Sie sind mit Ihrem Buch nun seit fünf Wochen auf der "Spiegel"-Bestsellerliste, es gibt also doch noch ein Bildungsbürgertum.
Mein Humboldt hielt sich Monate auf der Bestsellerliste zwischen Ratgebern und Promibüchern. Ich habe damals E-Mails von anderen Verlegern bekommen, die mir geschrieben haben, dass ihnen mein Erfolg wieder Hoffnung gebe. Und ganz ehrlich ist dieser Jenaer Kreis mit seinen exzentrischen Personen und dem teils wilden Liebesleben ja auch ein bisschen wie eine Soap-Opera.

Eine "Lindenstraße" für Intellektuelle?
Warum nicht? Ich bin jedenfalls im Gespräch mit Menschen aus dem Filmbusiness.

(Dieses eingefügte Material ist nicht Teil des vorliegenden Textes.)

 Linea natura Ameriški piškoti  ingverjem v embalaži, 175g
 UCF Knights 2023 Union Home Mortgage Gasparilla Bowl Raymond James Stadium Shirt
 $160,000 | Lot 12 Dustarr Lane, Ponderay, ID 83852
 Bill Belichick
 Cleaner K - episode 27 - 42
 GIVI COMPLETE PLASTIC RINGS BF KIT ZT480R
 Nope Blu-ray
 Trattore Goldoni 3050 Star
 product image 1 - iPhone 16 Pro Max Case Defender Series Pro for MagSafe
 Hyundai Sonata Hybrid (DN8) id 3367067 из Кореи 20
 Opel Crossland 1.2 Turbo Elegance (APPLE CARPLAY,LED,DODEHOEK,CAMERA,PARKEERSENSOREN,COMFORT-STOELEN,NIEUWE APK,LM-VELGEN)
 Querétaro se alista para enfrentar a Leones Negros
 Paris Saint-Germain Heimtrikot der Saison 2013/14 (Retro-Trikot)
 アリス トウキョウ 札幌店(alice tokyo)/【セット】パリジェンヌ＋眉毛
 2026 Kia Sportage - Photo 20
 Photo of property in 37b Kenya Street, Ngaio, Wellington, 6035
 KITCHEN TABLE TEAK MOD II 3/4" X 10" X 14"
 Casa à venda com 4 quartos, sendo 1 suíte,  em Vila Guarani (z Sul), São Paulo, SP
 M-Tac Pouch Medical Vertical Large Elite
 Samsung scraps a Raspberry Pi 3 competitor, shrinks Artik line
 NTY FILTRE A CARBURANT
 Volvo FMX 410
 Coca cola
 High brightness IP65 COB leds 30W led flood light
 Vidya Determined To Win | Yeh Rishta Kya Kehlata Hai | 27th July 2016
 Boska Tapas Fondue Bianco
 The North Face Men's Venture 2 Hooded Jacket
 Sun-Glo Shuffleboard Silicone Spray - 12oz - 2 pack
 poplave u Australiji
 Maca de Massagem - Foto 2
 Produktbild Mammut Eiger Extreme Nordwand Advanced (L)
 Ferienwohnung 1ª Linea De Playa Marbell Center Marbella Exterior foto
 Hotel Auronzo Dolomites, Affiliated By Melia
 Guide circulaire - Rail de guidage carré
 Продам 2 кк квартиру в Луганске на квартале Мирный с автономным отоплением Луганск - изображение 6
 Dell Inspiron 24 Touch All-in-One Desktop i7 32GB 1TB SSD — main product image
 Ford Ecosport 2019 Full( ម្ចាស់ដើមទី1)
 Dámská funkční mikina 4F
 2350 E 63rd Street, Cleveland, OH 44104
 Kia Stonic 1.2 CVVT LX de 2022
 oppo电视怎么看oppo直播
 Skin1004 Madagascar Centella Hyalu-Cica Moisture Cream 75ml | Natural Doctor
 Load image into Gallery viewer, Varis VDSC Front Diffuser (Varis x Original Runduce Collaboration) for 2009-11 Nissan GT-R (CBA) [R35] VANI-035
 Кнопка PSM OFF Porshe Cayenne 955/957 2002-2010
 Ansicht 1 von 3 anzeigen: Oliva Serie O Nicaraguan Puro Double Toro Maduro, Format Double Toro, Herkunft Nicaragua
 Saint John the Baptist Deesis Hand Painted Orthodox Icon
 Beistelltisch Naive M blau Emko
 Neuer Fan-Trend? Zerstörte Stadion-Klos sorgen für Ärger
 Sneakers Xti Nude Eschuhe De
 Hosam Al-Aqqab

Wechseln Sie für das nächste Buchprojekt die Epoche?
Das 18. Jahrhundert ist schon die Zeit, die mich am meisten interessiert. Die Wurzeln für unser heutiges Dasein liegen dort. Bei Humboldt bin ich mit den Nachwirkungen bis ins 19. Jahrhundert gekommen und dann auf Manuskripte gestoßen, die mit der Schreibmaschine geschrieben wurden. Da dachte ich o.k., das reicht jetzt. Ich bleibe im Zeitalter der Handschriften.


Andrea Wulf: "Fabelhafte Rebellen" (C. Bertelsmann, 526 Seiten, 30 Euro).